At lunch, the standard menu from which to choose is the Dejeuner Club menu priced at £25 for three courses, and while the food at this price nods towards the bistro, the lunchtime beef cut for example is the onglet, it remains nevertheless Michelin kissed. Also at lunch there's the option of 'Le Marche' at £55 (a seasonal tasting menu that is also available at night), and Le Deluxe menu at £65 which is a sort of all-you-can-eat foie gras menu, courses of which can nevertheless be ordered separately as (supplement) substitutions or additions.
Club Gascon, as the name implies and a foie gras menu testifies, is a very French restaurant indeed and the food is accordingly of the region. FOH staff are of course also French and we did encounter some communication difficulties while their knowledge of the dishes was sometimes lacking (or maybe that was the communication issues again).
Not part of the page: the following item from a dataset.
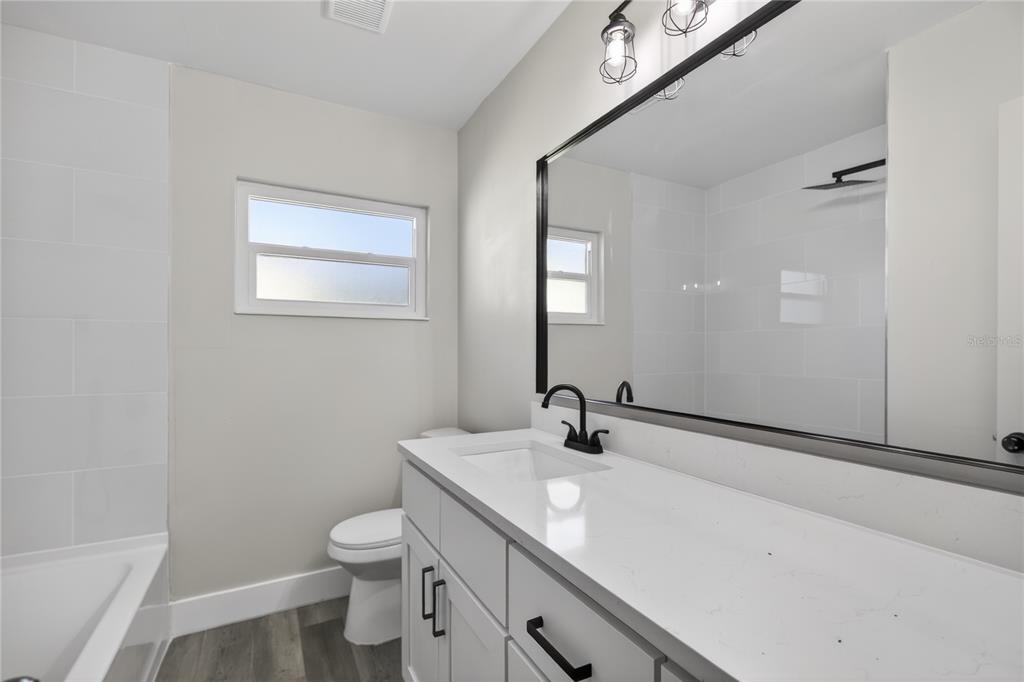 1503 Canal Court Tavares, FL 32778 - Photo 25 of 41 a bathroom with a sink a toilet and shower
The first dish out was something that we're sure would divide households across the nation: Marmite Royale. Bringing together French foie gras and the very British Marmite, all served from a Marmite jar with a spoon to scoop it out. This is of course huge on rich, sweet and savoury flavours that as you will of course either love or hate; we ordered it, we are of course in the love camp. Again, on the value front, this is part of the standard £25 menu and not a substitution from Le Deluxe. The other starter of pine smoked king prawns offered delicious prawns, perfect smoking, but seemed to us muddled in execution offering sliced shell on prawns with tapioca pearls and frosted oyster making it both an eat with your hands and an eat with your knife and fork dish.
An extra from the Deluxe menu was then shared, Duck Foie Gras 'Pot au Feu' with spring vegetables. While Raymond Blanc has said the pot-au-feu is the most celebrated dish in France that 'honours the table of the rich and the poor alike', we're guessing not with foie gras it doesn't. This up market version was stunning bringing together huge flavours in a dish you didn't want to end even with all its richness. Divine.
Our final desert was a disappointment as the chocolate fondant had not achieved its full potential. Rather than liquid inside it was at best 'close to gooey' rendering it all too heavy. The salted caramel here was barely salty, salt in all the wrong places today and despite two of us sharing, a third was still sitting unfinished by the end.
There's also a extensive use of flowers in the desserts which we are not fans of: the mousse with violet ice cream, Champagne rhubarb with rose and poppy emulsion and the fondant with lavender chantilly. Clearly a personal preference however.